┌─ Data for analysis
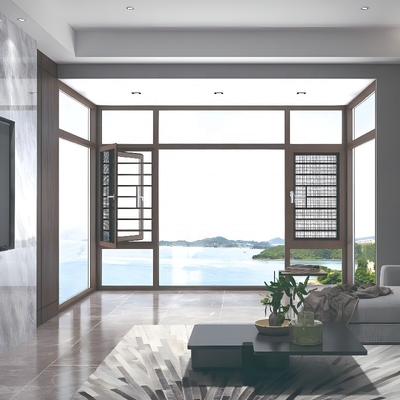Postmodern Design Aluminium European Glass Windows For Houses Folding Screen Casement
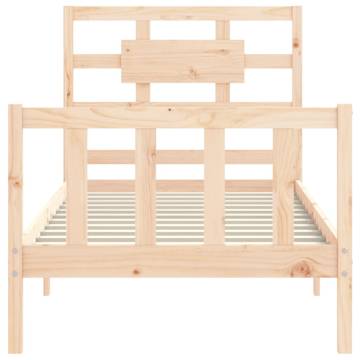 Single Solid Wood Bed Frame with Headboard | Hipomarket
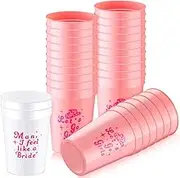 Nuenen 24 Pcs White and Pink Bachelorette Cups 12 oz Reusable Bachelorette Party Cups Lets Go Girls Cups Bride Plastic Tumblers for Bridal Shower Favors 70s Theme Cowgirl Party Supplies Decorations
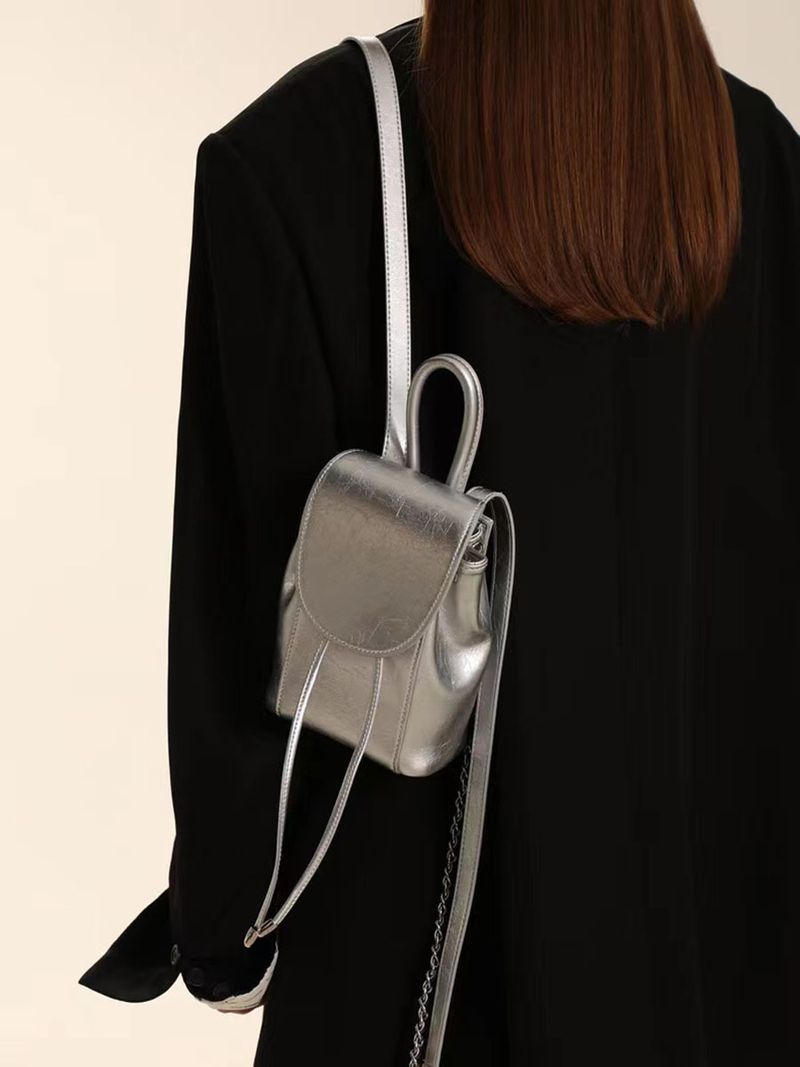 2024 Nuova borsa a catena in argento per studentessa universitaria, mini zaino piccolo con coulisse_voghion.com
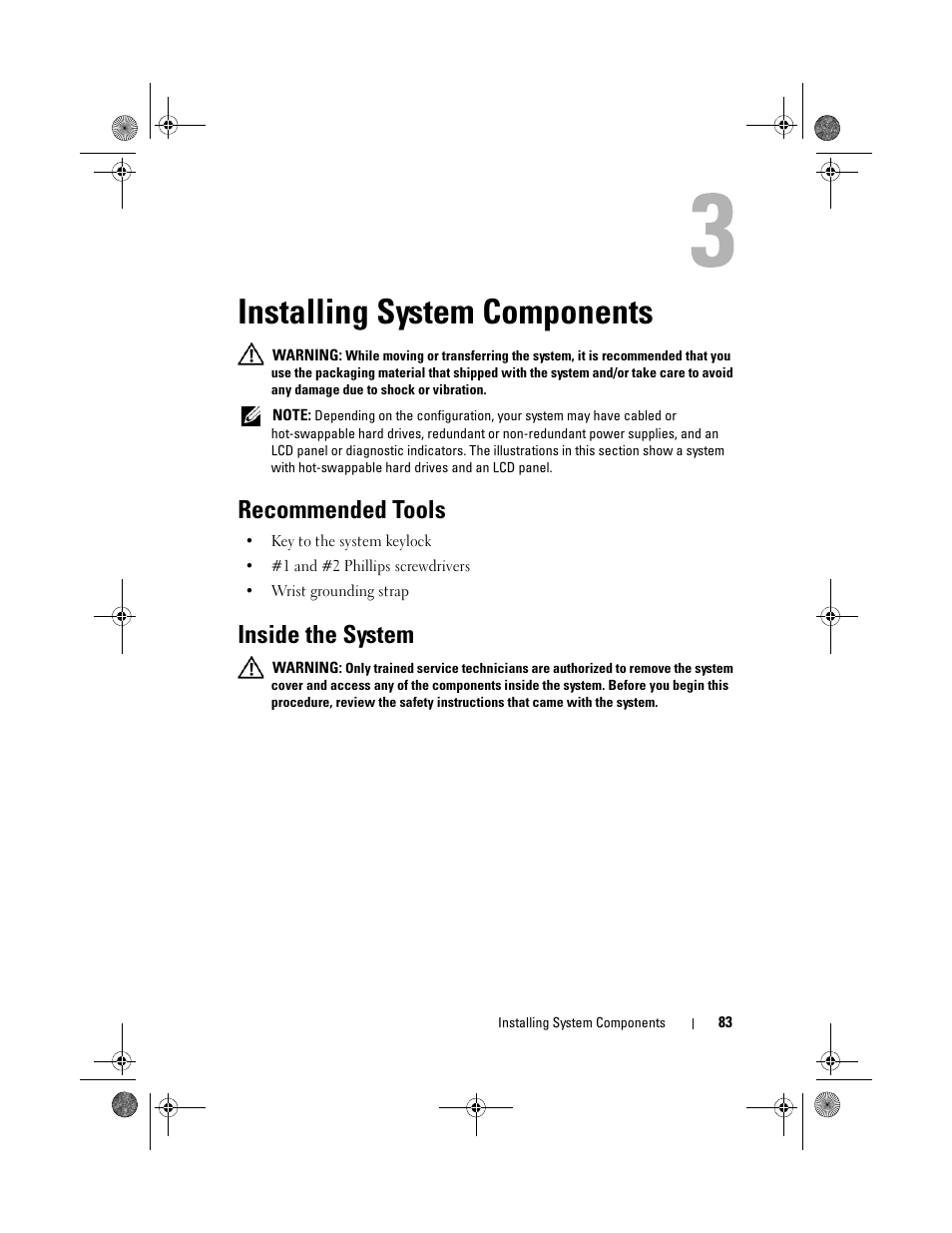 Installing system components, Recommended tools, Inside the system | Dell PowerEdge T410 User Manual | Page 83 / 204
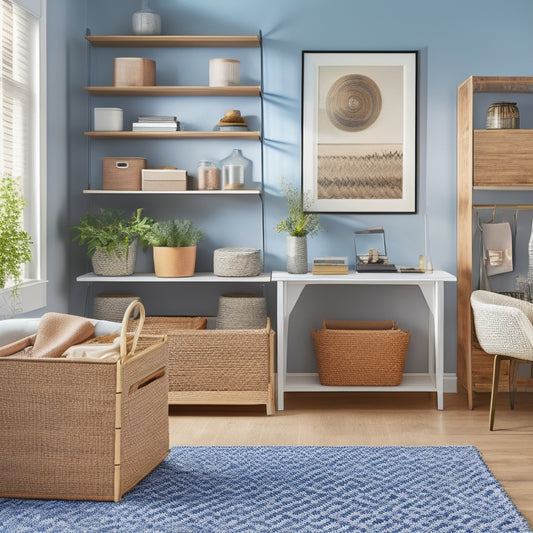 A serene, organized living room with a sleek, minimalist shelving unit, baskets, and woven bins, alongside a tidy desk with a few, carefully-placed decorative items, and a peek into a clutter-free closet.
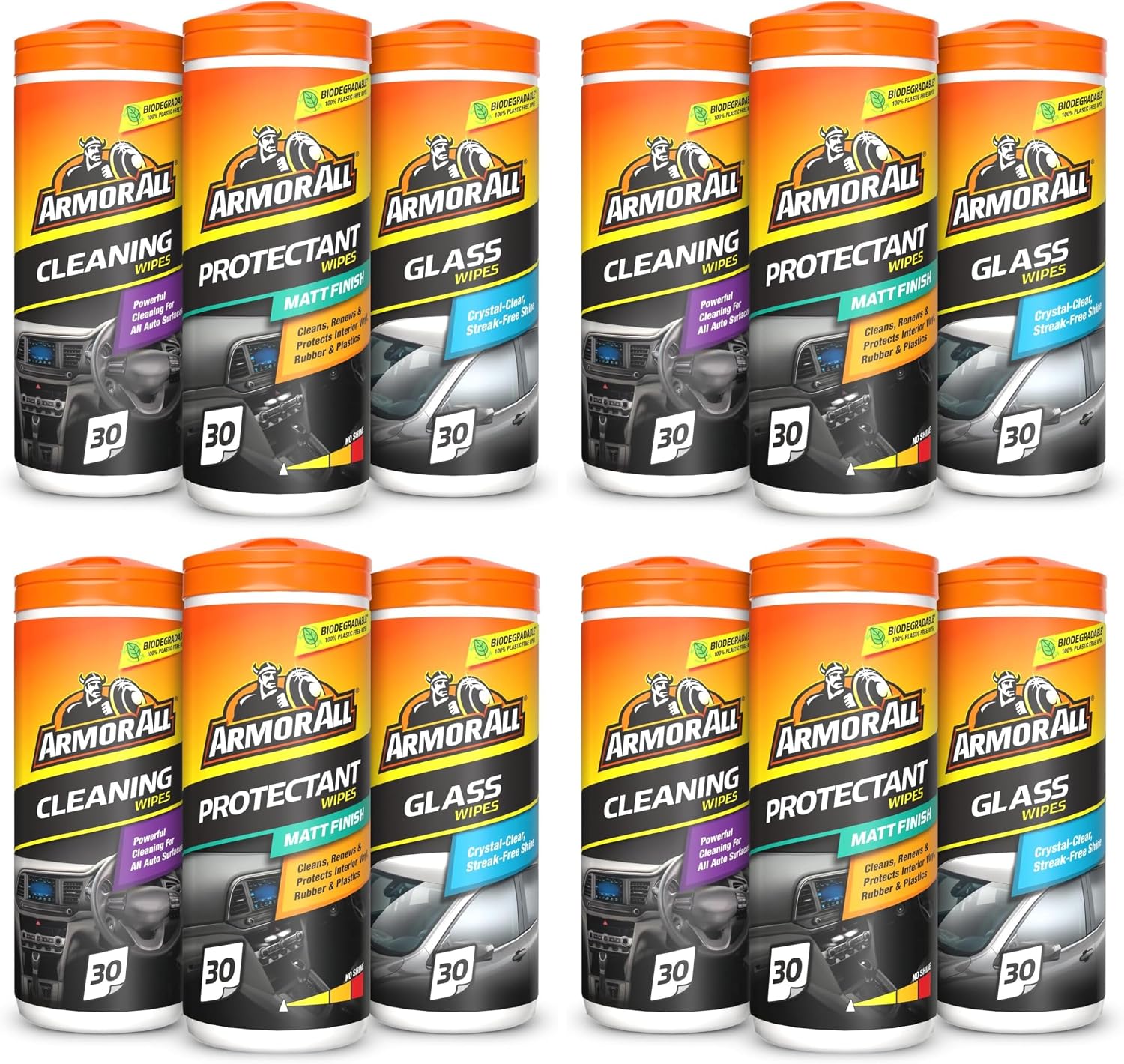 Armor All, Car Interior Cleaning Wipes,Triple Pack for Dashboard, Glass & All Around Interior, Set of 3x30 Plastic Free Wipes (90 Biodegradable Wipes) (Pack of 4)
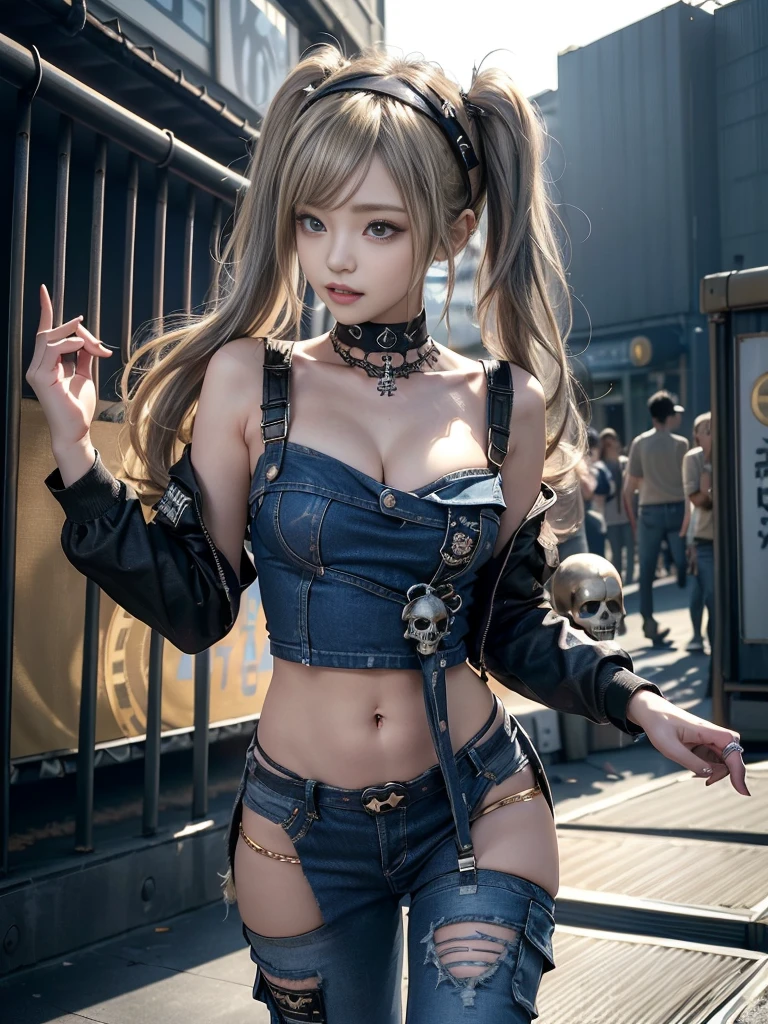 (Show your teeth and smile:1.3),(Shibuya Gal:1.5)、(Gothloli style fashion:1.5)、(Punk rock visual kei:1.4)、(Medieval noble miniskirt dress in denim and black:1.5)、(Denim and black medieval arm covers and bustier:1.5)、(Denim High Heels:1.3)、(Wearing silver accessories:1.5)、(Denim collar:1.4)、(Black Leather Garter Belt:1.4)、(Brown Skin Belt:1.3)、(Black lace underwear:1.5)、20yr old、NSFW、((top-quality、in 8K、​masterpiece:1.3))、Crisp focus:1.2、(layers-Cut、Colossal tits:1.1),Beautiful woman with perfect body shape:1.4、(Dancing hard:1.3)、Slender Abs:1.2、Highly detailed facial and skin texture、A detailed eye、二重まぶた,(Twin-tailed:1.3)、(Brown Blonde:1.3)、hposing Gravure Idol、(The background is the cityscape of the Caribbean Sea:1.3)、(Slim body:1.2),(Slim legs:1.4),（鎖骨:1.1）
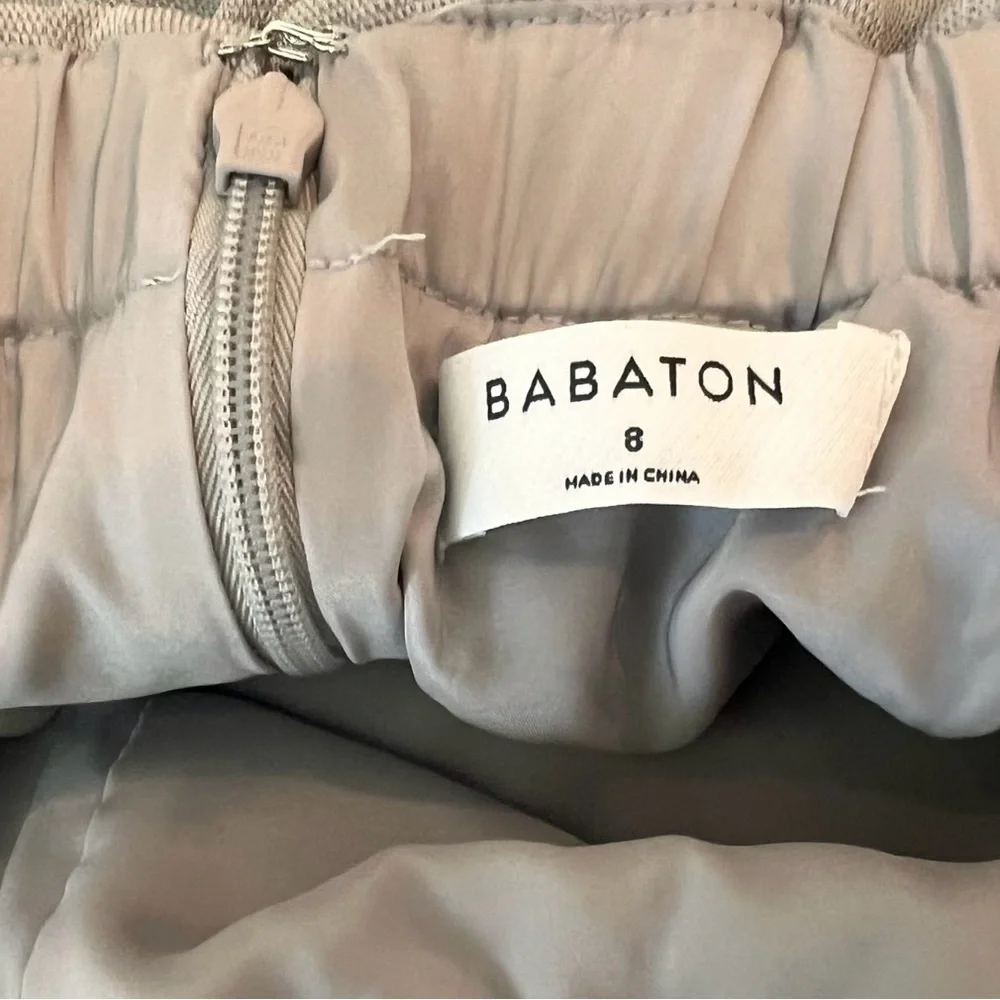Aritzia Babaton Concrete Beton Gray Strapless Flutter Ruffle Jumpsuit Size 8 - Picture 11 of 12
└─
The problem: Output the data above in full and exactly, with every image left out.

Solution to this problem:
Postmodern Design Aluminium European Glass Windows For Houses Folding Screen Casement
 Single Solid Wood Bed Frame with Headboard | Hipomarket
 Nuenen 24 Pcs White and Pink Bachelorette Cups 12 oz Reusable Bachelorette Party Cups Lets Go Girls Cups Bride Plastic Tumblers for Bridal Shower Favors 70s Theme Cowgirl Party Supplies Decorations
 2024 Nuova borsa a catena in argento per studentessa universitaria, mini zaino piccolo con coulisse_voghion.com
 Installing system components, Recommended tools, Inside the system | Dell PowerEdge T410 User Manual | Page 83 / 204
 A serene, organized living room with a sleek, minimalist shelving unit, baskets, and woven bins, alongside a tidy desk with a few, carefully-placed decorative items, and a peek into a clutter-free closet.
 Armor All, Car Interior Cleaning Wipes,Triple Pack for Dashboard, Glass & All Around Interior, Set of 3x30 Plastic Free Wipes (90 Biodegradable Wipes) (Pack of 4)
 (Show your teeth and smile:1.3),(Shibuya Gal:1.5)、(Gothloli style fashion:1.5)、(Punk rock visual kei:1.4)、(Medieval noble miniskirt dress in denim and black:1.5)、(Denim and black medieval arm covers and bustier:1.5)、(Denim High Heels:1.3)、(Wearing silver accessories:1.5)、(Denim collar:1.4)、(Black Leather Garter Belt:1.4)、(Brown Skin Belt:1.3)、(Black lace underwear:1.5)、20yr old、NSFW、((top-quality、in 8K、​masterpiece:1.3))、Crisp focus:1.2、(layers-Cut、Colossal tits:1.1),Beautiful woman with perfect body shape:1.4、(Dancing hard:1.3)、Slender Abs:1.2、Highly detailed facial and skin texture、A detailed eye、二重まぶた,(Twin-tailed:1.3)、(Brown Blonde:1.3)、hposing Gravure Idol、(The background is the cityscape of the Caribbean Sea:1.3)、(Slim body:1.2),(Slim legs:1.4),（鎖骨:1.1）
Aritzia Babaton Concrete Beton Gray Strapless Flutter Ruffle Jumpsuit Size 8 - Picture 11 of 12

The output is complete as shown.